The benchmark yield traded below its 200-day moving average of 1.75 percent for a sixth straight day. Moving averages are indicators of momentum.
The Standard & Poor’s 500 Index (SXXP) advanced 0.9 percent, and the Stoxx Europe 600 Index gained 0.5 percent.
Pacific Investment Management Co.’s Gross said he’s buying Treasury Inflation-Protected Securities after the debt fell the most since November 2011 yesterday as a record $18 billion five- year TIPS auction attracted the lowest demand in more than four years.
The 10-year break-even rate, a measure of inflation expectations derived from the difference between yields on conventional Treasuries and index-linked securities, declined to 2.25 percent yesterday, the lowest level since Sept. 4, after the auction. It closed at 2.32 percent today.
The drop in break-even rates is only temporary, according to Gross, manager of the $289 billion Total Return Bond Fund. Led by the Fed’s more than $2.5 trillion in stimulus since 2008, central banks around the world have injected about $5.3 trillion into the economies to sustain growth. All that extra cash is bound to eventually spark inflation.
“Buying TIPS,” Gross wrote in a Twitter message today. “Pimco expects higher” break-even rates, and “reserve countries need protection.”
Treasuries due in a decade or more have been trading close to the most expensive levels since February relative to global peers with comparable maturities, according to Bank of America Merrill Lynch bond indexes.
Yields on Treasuries yesterday closed 33 basis points higher than those in an index of other sovereign debt. As recently as March 25, Treasuries traded 57 basis points higher than other sovereigns, the most since August 2011, the data showed. It traded at 32 basis points higher on April 15, the most expensive relative to peers since Feb. 26.

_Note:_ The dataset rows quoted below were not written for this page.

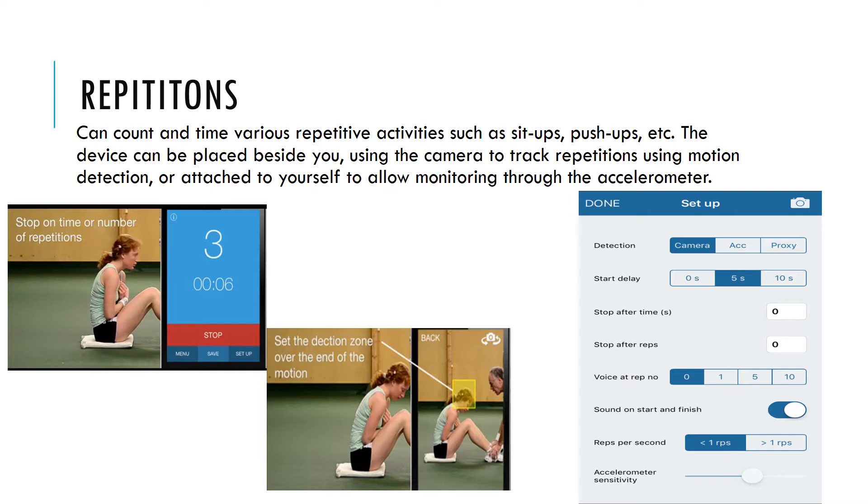In Repetition Mode, users can measure time in reps with exercises such as sit-ups, push-ups, step-ups, chin-ups, rope skipping, and more. Fitness Meter can be set to stop after a certain time or a certain number of repetitions.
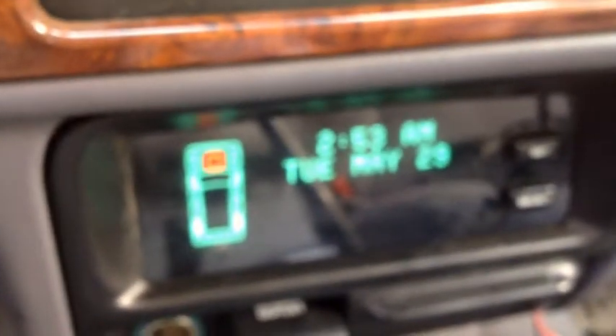I put an OBD2 scanner on my Jeep with my friend's scanner. Here are some codes you get after doing an AX15 swap. If you're like me and you put in a switch where you can ground and unground your neutral safety switch, you'll have an extra code. And you also might get one of these.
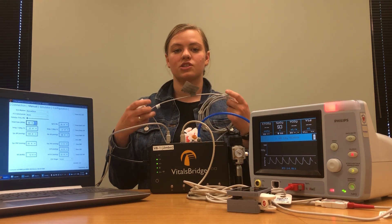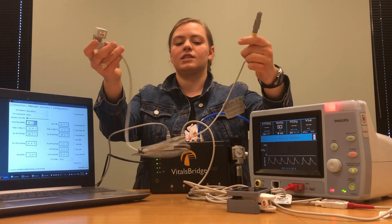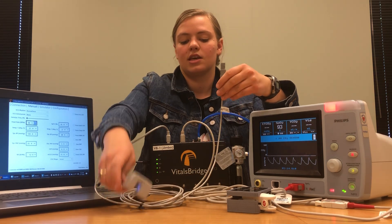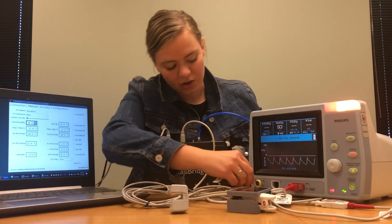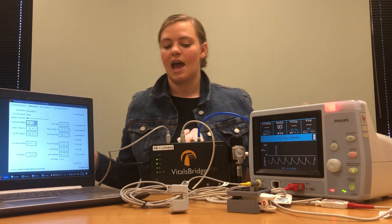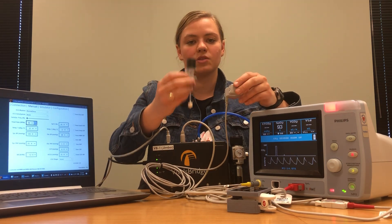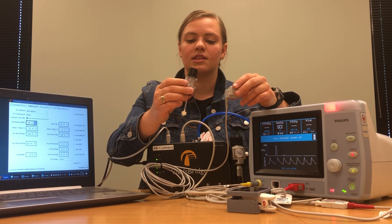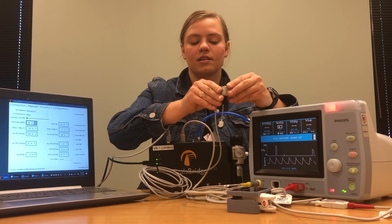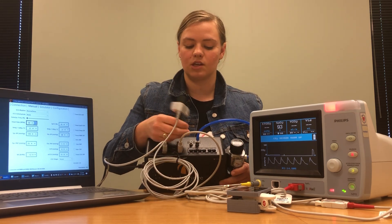The cable that connects to our capnography looks like this. You have one end that goes into the patient monitor and another end that has a little box. The end that goes into the patient monitor is going to slide in right here where it says CO2. Then we're going to take this end with the box and attach the box to an adapter that comes with the VitalsBridge. The adapter looks like this — you'll slide that in and connect this end of the adapter to where it says CO2 out.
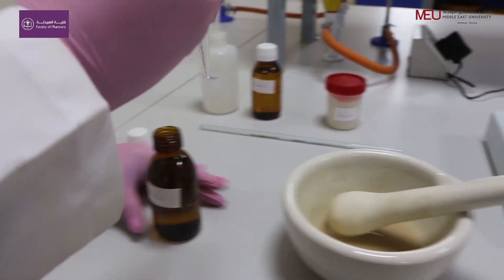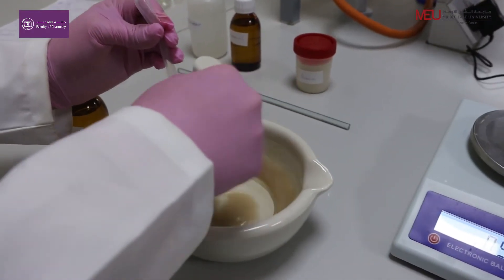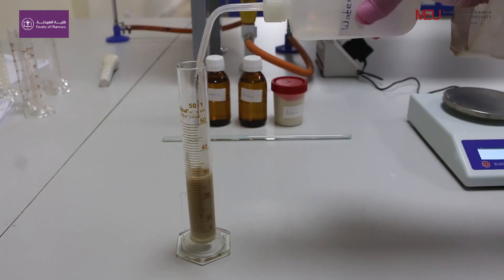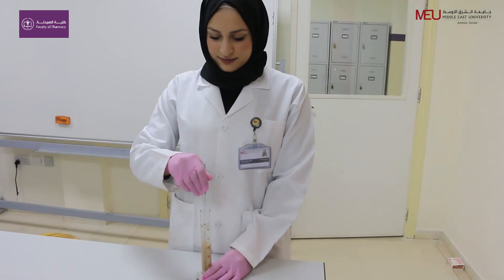Add 1.8 ml of alcohol to the emulsion formed and mix. Transfer it to the calibrated bottle and complete the volume to 30 ml. Mix until the mineral oil emulsion is formed.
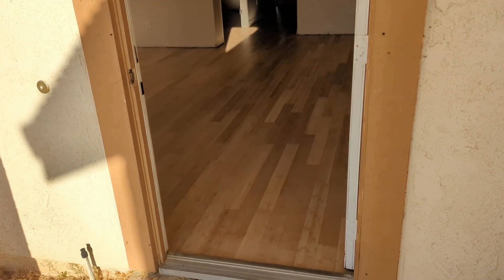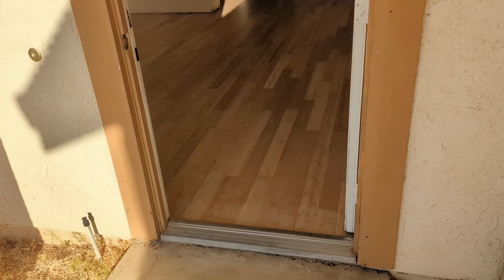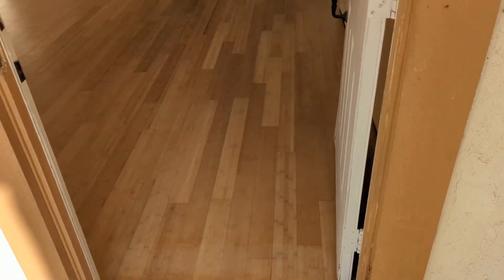All right, happy homeowners. Brian here with Only Wood Floors back over in Kenyon Lake. Remember that dark, black, heavy, distressed bamboo floor is now almost looking like the natural white oak.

“We are at expensive levels,” said Christopher Sullivan, who oversees $2.2 billion as chief investment officer at United Nations Federal Credit Union in New York. “Equities are up, suggesting there may be better sentiment on risk. That may present additional pressure for Treasuries.”
The 10-year term premium, a model that includes expectations for interest rates, growth and inflation, also shows Treasuries are almost at the most expensive level this year. The gauge was at negative 0.8 percent today, close to the negative 0.83 percent reached on April 15, the most expensive since Dec. 13. A negative reading indicates investors are willing to accept yields below what’s considered fair value.

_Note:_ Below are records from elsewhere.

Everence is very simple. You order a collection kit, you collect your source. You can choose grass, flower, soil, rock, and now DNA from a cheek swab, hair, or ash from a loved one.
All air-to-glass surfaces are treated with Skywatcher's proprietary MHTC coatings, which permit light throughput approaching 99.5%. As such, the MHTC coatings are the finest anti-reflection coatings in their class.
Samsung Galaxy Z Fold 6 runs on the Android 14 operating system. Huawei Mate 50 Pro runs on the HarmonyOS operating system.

G-20 officials handed Japan leeway to reflate its stagnant economy. Meeting for the first time since the Bank of Japan (8301) unleashed new measures aimed at delivering 2 percent inflation within two years, they said today in Washington that those actions are “intended to stop deflation and support domestic demand.” They echoed their promise of February that nations will refrain from “competitive devaluation” and avoid “persistent exchange-rate misalignments.”
Schaeuble, speaking of the euro zone, said “the reforms that we’ve embarked upon and implemented are taking hold,” Yesterday’s vote in Germany’s parliament on the Cyprus bailout and maturity extensions for loans to Ireland and Portugal was “pretty relaxed and pretty safe” compared with earlier bailout votes in Germany’s parliament, he said.
The Fed bought $1.484 billion of Treasuries due from February 2036 to February 2043 today as part of its plan to put downward pressure on borrowing costs through asset purchases, known as quantitative easing.